Francis 29/03/2007 10:52

@ Mélina : merdre, c'est comme zutre, j'aime bien.  Les gens qui ne possèdent aucun sens de la dignité rajouteraient qu'avec je ne manque pas d'R, mais en bonne compagnie, on s'abstiendra, hein.Et je suis content de n'y être pour rien. Mais bon, quand on est fatigué et énervé, c'est souvent la faute des gens, c'est pour ça que j'essaye de ne plus avoir besoin d'eux et que je garde l'espoir. Bises aussi (parce que tu le vaux bien, aussi)@ Frenchmat : ha, on dit ça aussi ? Moi je connaissais "impeaucible n'est pas français, ça m'avait l'air sensé.@cubik : hého, je peux aussi, mais si je les laisse faire ce qu'ils veulent quand ils sont avec moi, un jour ce sera eux qui me proposeront de bouffer en ville, alors ça flanquera tout à la flotte !

cubik 29/03/2007 09:57

'tain, une tartiflette tous les deux jours, c'est pourtant un rythme raisonnable!
Mais bon, que peut-on attendre de quelqu'un qui promeut encore le comité contre les cétacés, cette contrefacon ratée du fameux Comité Contre les Chats (le seul et unique C.C.C.)
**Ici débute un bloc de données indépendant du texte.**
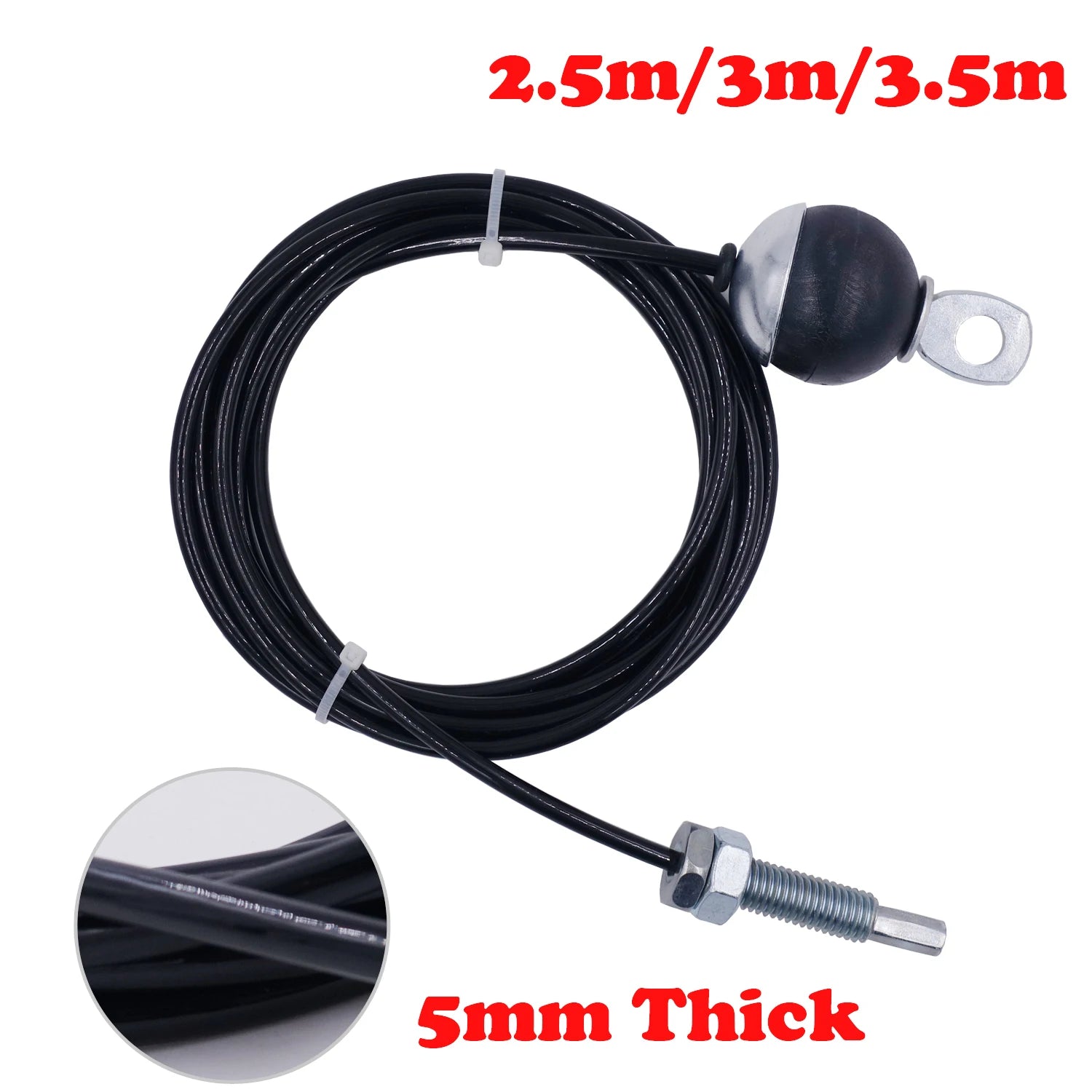 2.5m/3m/3.5m Black Gym Steel Cable Wire Rope 5mm Heavy Duty Parts Accessories for Lifting Training Pulley Home Fitness Equipment Everyday Essentials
Frenchmat 29/03/2007 09:36

Opération misanthropie échouée...C'est vrai que c'est une mission délicate mais... ne dit-on pas "impossible n'est pas Francis" ?Courage     ;-)

Mélina LOUPIA 29/03/2007 02:51

Resto
Restau
Resteau
Reste Au Chaud, ça caille encore.
Les grecs, j'ai vérifié de source généalogiques, ils n'alpaguent que le dos tourné.
Merde, ça prend q'un R au début, c'est déjà assez chiant comme ça.
Et je ne suis pas jalouse de Bianca, je suis infiniment moins moche qu'elle, c'est sûr et garanti sans photoshop ni boobs en plastok.
Et oui, je suis fatiguée et énervée.
Et non, tu n'y es pour rien.
Si, un peu, t'es trop drôle, ça m'énerve ça.